Input material Start Marker
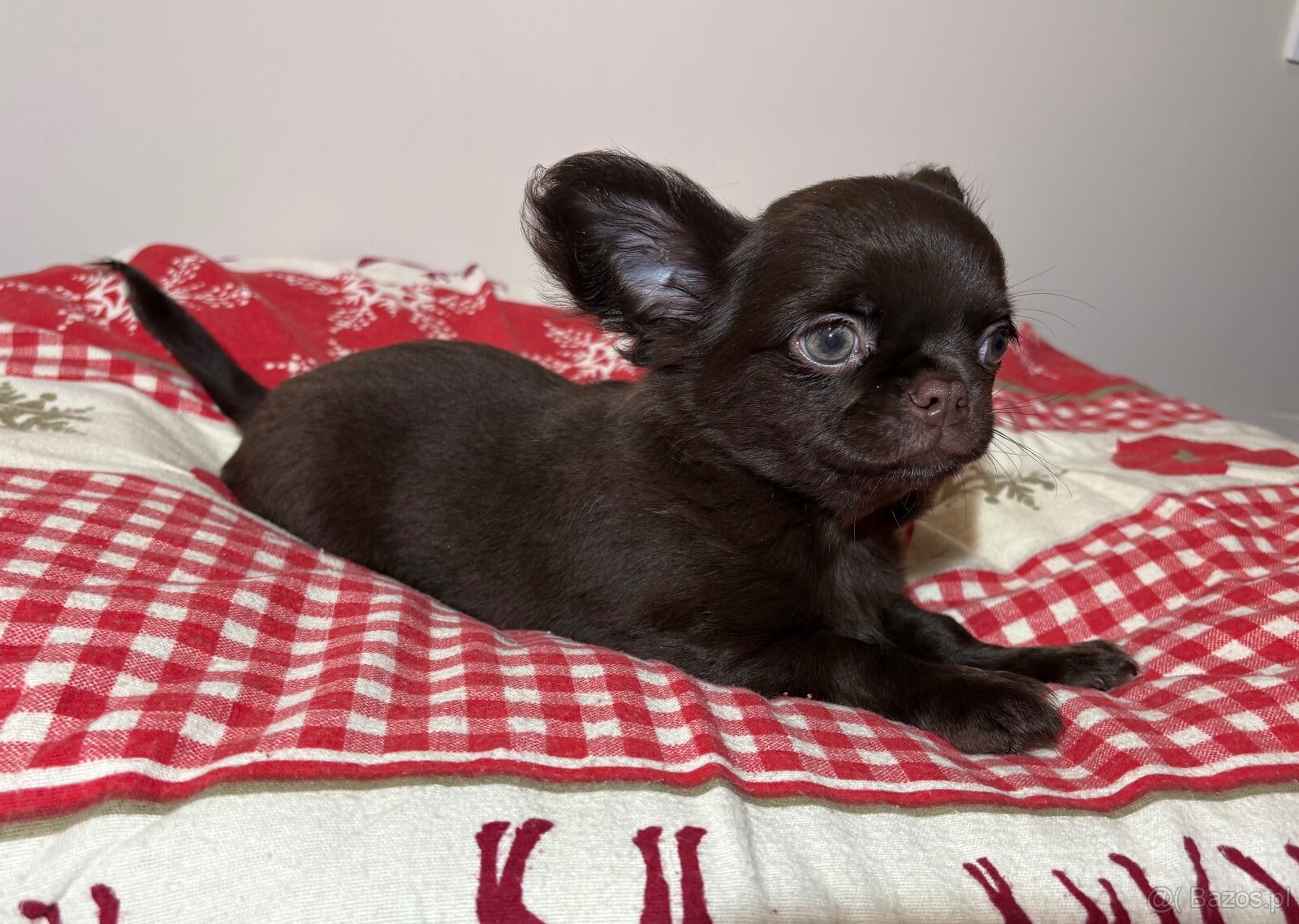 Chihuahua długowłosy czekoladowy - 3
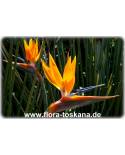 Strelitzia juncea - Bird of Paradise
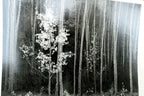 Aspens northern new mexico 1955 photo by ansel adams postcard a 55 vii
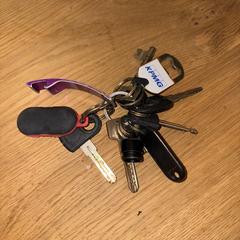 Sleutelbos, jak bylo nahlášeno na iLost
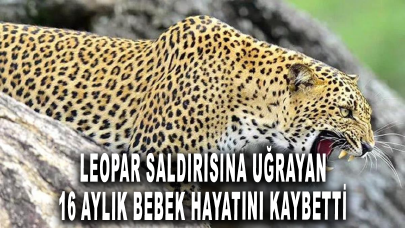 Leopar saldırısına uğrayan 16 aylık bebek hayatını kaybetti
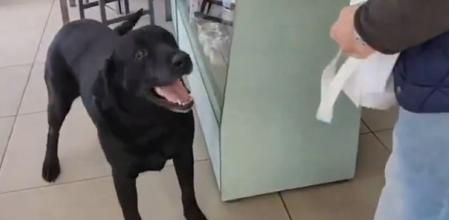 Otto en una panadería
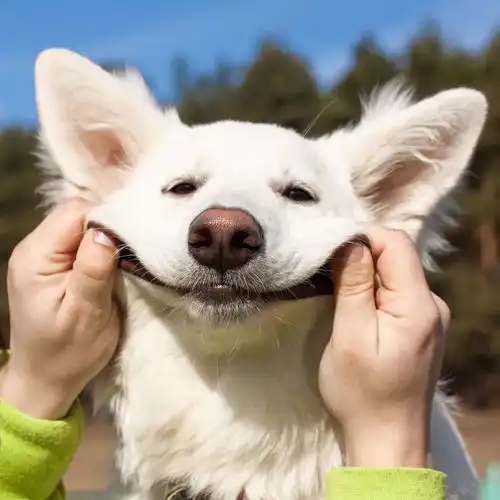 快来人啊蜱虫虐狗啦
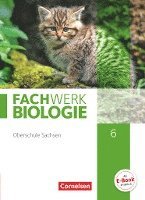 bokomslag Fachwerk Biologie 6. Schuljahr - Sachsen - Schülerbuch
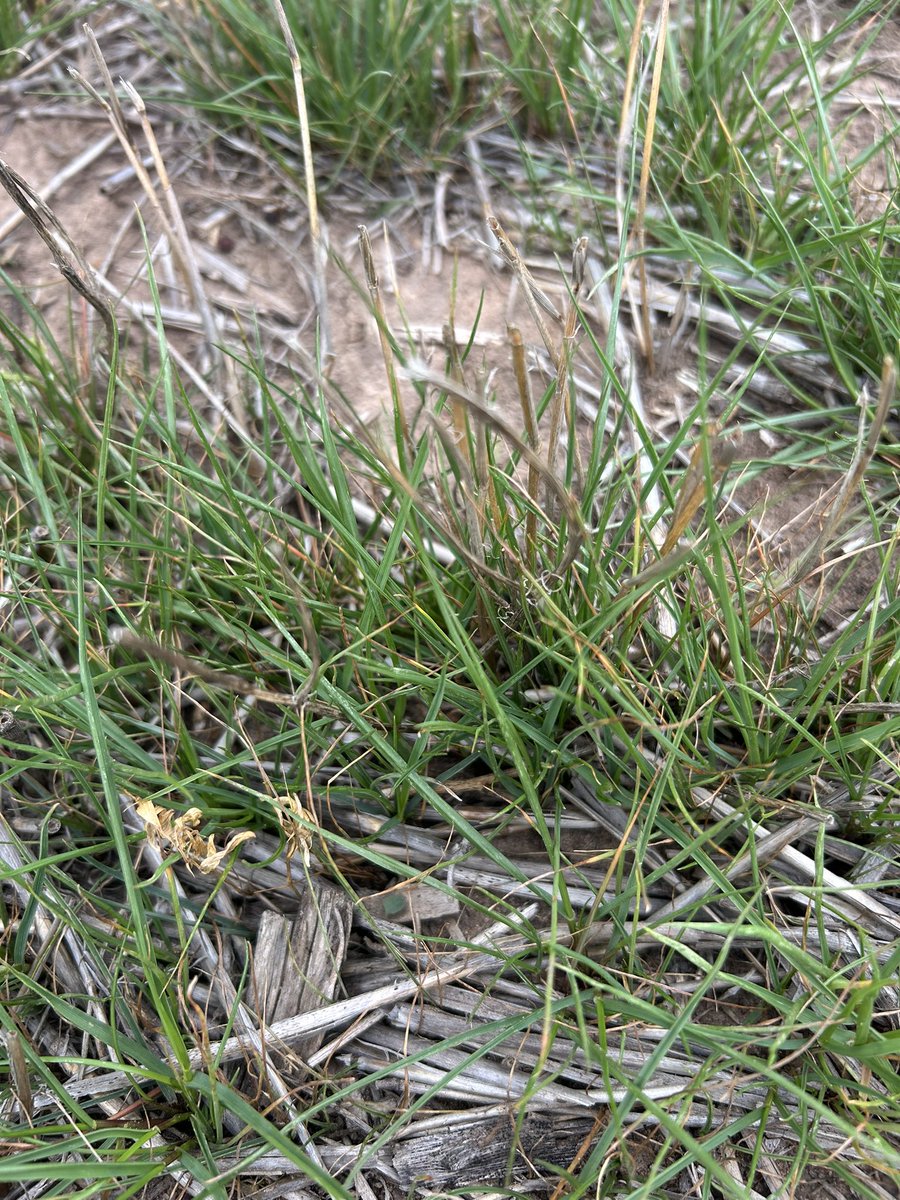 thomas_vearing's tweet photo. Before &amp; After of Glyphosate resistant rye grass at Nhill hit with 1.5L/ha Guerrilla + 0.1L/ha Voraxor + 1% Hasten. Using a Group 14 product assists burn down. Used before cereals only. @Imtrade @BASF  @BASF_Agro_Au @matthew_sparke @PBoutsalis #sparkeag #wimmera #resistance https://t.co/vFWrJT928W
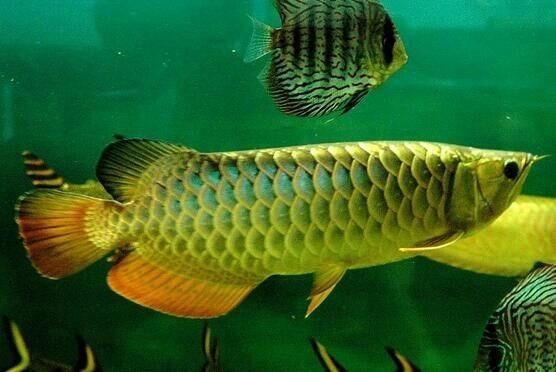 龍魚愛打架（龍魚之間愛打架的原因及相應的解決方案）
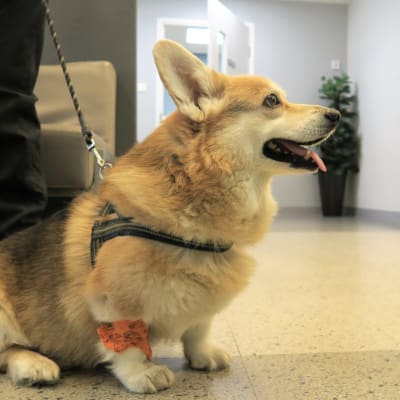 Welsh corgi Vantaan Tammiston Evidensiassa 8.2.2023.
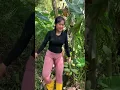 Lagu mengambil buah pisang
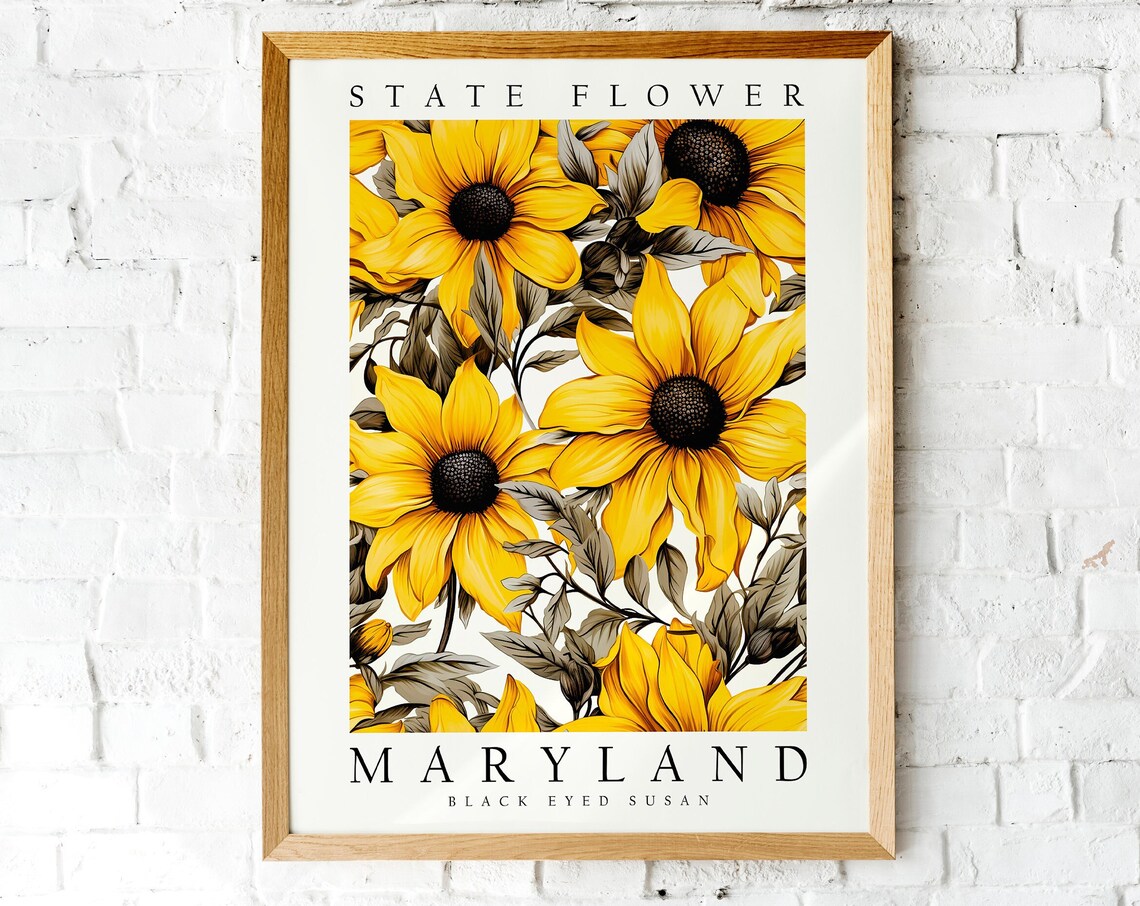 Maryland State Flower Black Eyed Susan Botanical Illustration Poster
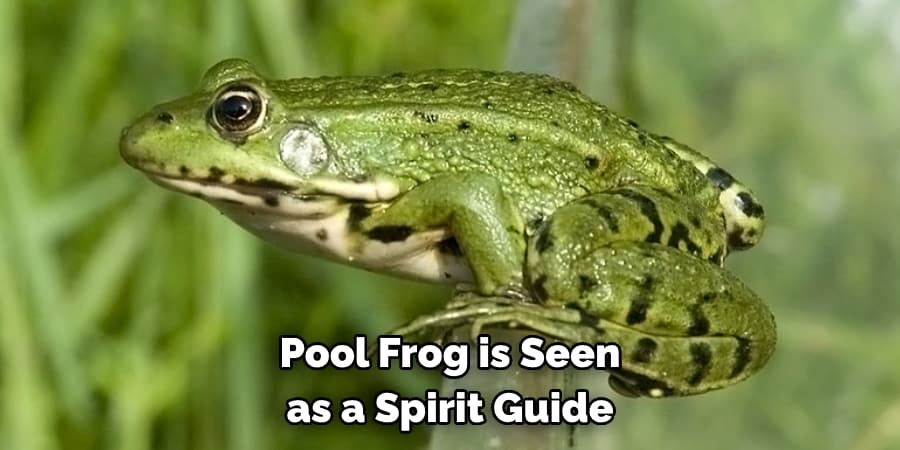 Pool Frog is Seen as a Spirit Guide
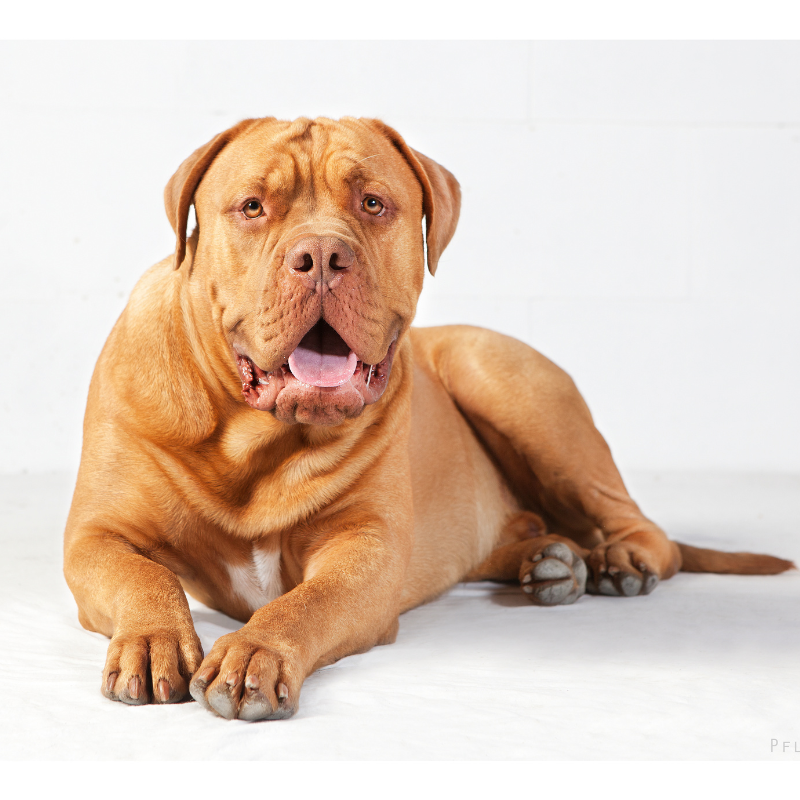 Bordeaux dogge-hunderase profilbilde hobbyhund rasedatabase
Input material End Marker
• **Task description**: Exclude the pictures from the copy. Retype exactly the lines running from the one containing "Welsh corgi Vantaan" through the last line of the listing.

• **Result**:
 Welsh corgi Vantaan Tammiston Evidensiassa 8.2.2023.
 Lagu mengambil buah pisang
 Maryland State Flower Black Eyed Susan Botanical Illustration Poster
 Pool Frog is Seen as a Spirit Guide
 Bordeaux dogge-hunderase profilbilde hobbyhund rasedatabase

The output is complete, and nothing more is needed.